To carve out this specific procedure which is so crucial to women’s autonomy and deny coverage for it – even for women who buy their own insurance with their own money – is unacceptable. And even as they spoke out against it, supporters of women’s rights voted for the final bill:
“If enacted, this amendment will be the greatest restriction of a woman’s right to choose to pass in our careers,” said Representative Diana DeGette, Democrat of Colorado, one of the lawmakers who left Ms. Pelosi’s office mad.
Representative Rosa DeLauro, Democrat of Connecticut, said the bill’s original language barring the use of federal dollars to pay for abortions should have been sufficient for the opponents. “Abortion is a matter of conscience on both sides of the debate,” Ms. DeLauro said. “This amendment takes away that same freedom of conscience from America’s women. It prohibits them from access to an abortion even if they pay for it with their own money. It invades women’s personal decisions.”
But Ms. DeGette, Ms. DeLauro and other defenders of abortion rights said they would nonetheless vote in favor of the health care bill and fight for changes in the final version, to be negotiated with the Senate.

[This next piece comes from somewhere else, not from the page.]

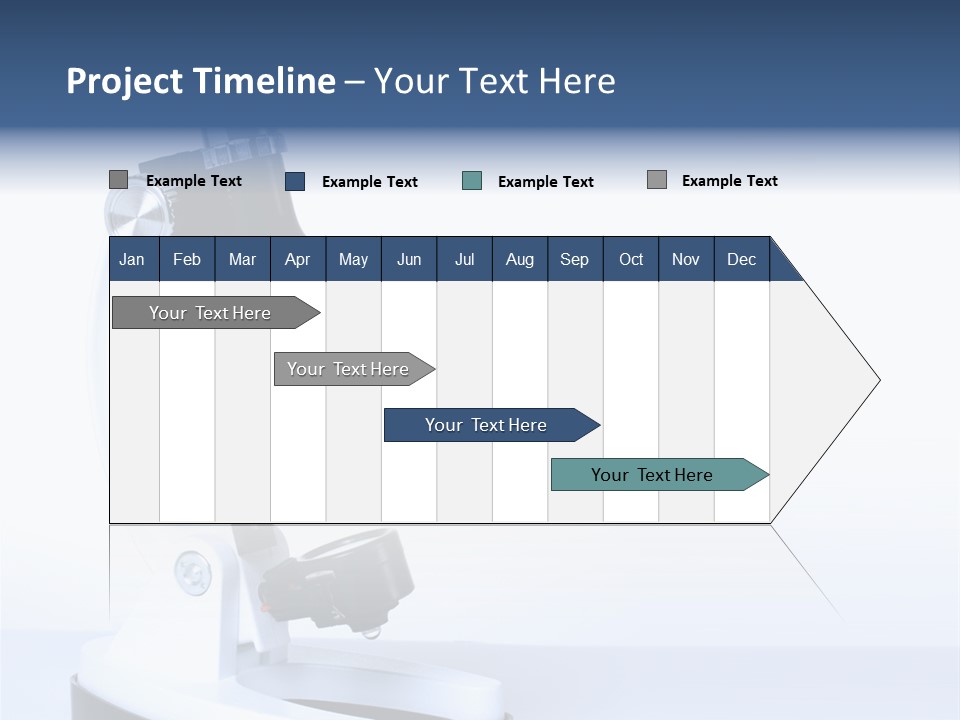Equipment Technology Magnification PowerPoint Template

We hope that the final version of the bill, after the Senate votes on it, will not include this restrictive provision on abortion coverage, and that supporters of women’s rights in Congress will not allow women’s equality to be hijacked as legislation moves forward. We will work as hard as we can to ensure that this doesn’t happen and hope you will too. The rights hanging in the balance are too crucial to women’s equality to do otherwise.